◆ **WORK ITEM**:
Take the data below and extract the lines from the one with "Учебное пособие для практических занятий" to the one with "Правобережье Херсонщины должно", inclusive, exactly as written.

(Items from a data source)

[Start of Attachment]

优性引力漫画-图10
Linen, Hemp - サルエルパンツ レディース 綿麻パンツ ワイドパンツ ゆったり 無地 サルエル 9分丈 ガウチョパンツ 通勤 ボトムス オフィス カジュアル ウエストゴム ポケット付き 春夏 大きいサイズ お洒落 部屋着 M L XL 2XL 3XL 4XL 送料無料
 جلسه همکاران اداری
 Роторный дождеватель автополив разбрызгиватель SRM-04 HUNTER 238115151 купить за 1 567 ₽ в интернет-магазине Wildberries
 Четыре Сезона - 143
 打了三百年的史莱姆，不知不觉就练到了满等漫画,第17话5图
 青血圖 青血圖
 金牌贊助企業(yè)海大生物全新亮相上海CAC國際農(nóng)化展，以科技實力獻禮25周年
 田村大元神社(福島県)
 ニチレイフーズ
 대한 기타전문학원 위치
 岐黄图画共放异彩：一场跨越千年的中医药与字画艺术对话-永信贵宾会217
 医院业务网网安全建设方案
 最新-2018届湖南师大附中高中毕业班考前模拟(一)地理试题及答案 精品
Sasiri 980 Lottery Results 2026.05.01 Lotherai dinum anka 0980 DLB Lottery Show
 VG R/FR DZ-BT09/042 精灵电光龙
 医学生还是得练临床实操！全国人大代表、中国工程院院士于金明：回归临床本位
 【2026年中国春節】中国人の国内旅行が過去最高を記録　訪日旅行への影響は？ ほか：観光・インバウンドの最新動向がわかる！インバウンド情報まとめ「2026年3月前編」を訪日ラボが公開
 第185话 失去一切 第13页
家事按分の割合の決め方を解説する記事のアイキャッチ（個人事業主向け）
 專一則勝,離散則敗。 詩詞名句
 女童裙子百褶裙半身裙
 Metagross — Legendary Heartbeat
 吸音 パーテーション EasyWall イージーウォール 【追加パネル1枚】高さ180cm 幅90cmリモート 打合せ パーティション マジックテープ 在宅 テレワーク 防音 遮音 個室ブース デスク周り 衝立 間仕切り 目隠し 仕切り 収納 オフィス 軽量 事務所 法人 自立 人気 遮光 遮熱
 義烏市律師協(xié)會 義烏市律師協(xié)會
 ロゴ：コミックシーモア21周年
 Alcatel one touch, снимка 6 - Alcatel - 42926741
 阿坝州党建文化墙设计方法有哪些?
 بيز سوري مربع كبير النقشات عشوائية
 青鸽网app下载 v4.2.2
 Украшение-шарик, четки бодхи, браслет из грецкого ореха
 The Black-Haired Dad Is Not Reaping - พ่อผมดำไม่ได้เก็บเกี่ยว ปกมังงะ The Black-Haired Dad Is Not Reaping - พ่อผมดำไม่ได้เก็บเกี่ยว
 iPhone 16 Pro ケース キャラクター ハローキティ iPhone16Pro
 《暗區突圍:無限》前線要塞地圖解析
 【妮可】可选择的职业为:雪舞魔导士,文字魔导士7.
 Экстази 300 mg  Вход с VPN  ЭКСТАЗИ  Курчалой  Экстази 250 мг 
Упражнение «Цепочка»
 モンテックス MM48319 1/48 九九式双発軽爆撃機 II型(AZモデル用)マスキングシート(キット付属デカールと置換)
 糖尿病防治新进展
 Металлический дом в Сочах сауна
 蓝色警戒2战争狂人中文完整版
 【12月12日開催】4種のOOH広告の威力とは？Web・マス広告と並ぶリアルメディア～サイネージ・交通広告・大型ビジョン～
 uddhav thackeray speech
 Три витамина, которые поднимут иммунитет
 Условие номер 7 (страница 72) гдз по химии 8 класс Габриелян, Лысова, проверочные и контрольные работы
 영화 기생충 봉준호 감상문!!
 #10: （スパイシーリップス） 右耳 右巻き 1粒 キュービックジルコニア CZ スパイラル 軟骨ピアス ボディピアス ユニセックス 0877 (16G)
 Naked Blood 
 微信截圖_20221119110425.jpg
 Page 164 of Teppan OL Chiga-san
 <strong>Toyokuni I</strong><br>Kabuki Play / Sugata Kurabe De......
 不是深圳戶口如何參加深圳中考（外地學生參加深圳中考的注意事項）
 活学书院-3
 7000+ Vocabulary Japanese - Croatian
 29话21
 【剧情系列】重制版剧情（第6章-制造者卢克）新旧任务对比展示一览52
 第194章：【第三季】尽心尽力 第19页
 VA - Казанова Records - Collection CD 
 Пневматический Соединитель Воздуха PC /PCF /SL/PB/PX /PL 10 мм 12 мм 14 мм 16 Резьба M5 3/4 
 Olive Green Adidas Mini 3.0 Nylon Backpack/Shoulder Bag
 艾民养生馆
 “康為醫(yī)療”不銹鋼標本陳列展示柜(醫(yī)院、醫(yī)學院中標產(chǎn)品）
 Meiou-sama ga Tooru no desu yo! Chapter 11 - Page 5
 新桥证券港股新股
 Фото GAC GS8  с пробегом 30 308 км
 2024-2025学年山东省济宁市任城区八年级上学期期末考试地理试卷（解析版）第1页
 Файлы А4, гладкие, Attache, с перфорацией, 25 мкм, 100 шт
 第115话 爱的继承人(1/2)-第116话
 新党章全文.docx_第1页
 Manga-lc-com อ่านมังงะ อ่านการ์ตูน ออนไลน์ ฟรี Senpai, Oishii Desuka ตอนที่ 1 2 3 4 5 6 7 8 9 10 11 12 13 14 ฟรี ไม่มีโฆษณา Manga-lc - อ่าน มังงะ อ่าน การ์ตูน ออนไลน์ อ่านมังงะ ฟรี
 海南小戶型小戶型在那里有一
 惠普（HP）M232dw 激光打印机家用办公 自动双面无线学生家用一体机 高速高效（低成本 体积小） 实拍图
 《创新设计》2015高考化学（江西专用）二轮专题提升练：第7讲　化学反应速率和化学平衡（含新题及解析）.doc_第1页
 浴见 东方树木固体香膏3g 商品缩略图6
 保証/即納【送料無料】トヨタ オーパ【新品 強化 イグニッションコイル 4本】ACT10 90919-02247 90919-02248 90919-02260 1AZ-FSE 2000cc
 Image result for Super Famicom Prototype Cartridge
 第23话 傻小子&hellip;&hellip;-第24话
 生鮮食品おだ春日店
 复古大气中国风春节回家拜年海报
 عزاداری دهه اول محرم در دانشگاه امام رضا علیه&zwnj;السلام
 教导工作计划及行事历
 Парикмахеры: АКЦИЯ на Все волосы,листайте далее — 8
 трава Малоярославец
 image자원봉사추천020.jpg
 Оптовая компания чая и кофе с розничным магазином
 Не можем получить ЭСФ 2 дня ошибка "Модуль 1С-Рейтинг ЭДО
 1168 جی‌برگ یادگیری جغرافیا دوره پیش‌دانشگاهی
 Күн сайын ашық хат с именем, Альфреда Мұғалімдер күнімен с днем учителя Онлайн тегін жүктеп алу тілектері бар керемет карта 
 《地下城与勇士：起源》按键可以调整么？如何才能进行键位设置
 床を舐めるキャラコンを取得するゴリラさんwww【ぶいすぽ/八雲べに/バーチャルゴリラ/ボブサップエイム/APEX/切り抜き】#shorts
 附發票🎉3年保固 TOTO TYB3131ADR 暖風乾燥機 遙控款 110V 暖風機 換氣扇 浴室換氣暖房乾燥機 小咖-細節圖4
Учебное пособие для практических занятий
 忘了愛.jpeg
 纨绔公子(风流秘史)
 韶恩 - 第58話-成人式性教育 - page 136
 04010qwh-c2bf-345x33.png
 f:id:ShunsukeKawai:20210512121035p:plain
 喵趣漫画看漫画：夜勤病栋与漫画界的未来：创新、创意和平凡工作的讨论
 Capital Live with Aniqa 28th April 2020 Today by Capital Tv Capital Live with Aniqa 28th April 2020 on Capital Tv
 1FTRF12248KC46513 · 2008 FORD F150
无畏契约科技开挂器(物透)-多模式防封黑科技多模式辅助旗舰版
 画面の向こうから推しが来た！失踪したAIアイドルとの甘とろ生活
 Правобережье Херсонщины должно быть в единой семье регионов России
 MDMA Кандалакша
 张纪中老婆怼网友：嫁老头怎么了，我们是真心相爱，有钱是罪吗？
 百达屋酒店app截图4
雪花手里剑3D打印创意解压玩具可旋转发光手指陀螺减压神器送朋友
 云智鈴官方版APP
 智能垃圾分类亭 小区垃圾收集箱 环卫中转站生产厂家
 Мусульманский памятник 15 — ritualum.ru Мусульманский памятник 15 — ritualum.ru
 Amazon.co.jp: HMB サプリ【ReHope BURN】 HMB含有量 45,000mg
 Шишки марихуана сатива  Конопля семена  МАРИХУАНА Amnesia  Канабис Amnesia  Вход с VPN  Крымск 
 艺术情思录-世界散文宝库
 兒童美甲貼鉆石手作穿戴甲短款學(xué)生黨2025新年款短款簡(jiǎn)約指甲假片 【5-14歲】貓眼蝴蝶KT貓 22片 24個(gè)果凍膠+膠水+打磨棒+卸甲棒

[End of Attachment]

◆ **RESPONSE TO THE EXERCISE**:
Учебное пособие для практических занятий
 忘了愛.jpeg
 纨绔公子(风流秘史)
 韶恩 - 第58話-成人式性教育 - page 136
 04010qwh-c2bf-345x33.png
 f:id:ShunsukeKawai:20210512121035p:plain
 喵趣漫画看漫画：夜勤病栋与漫画界的未来：创新、创意和平凡工作的讨论
 Capital Live with Aniqa 28th April 2020 Today by Capital Tv Capital Live with Aniqa 28th April 2020 on Capital Tv
 1FTRF12248KC46513 · 2008 FORD F150
无畏契约科技开挂器(物透)-多模式防封黑科技多模式辅助旗舰版
 画面の向こうから推しが来た！失踪したAIアイドルとの甘とろ生活
 Правобережье Херсонщины должно быть в единой семье регионов России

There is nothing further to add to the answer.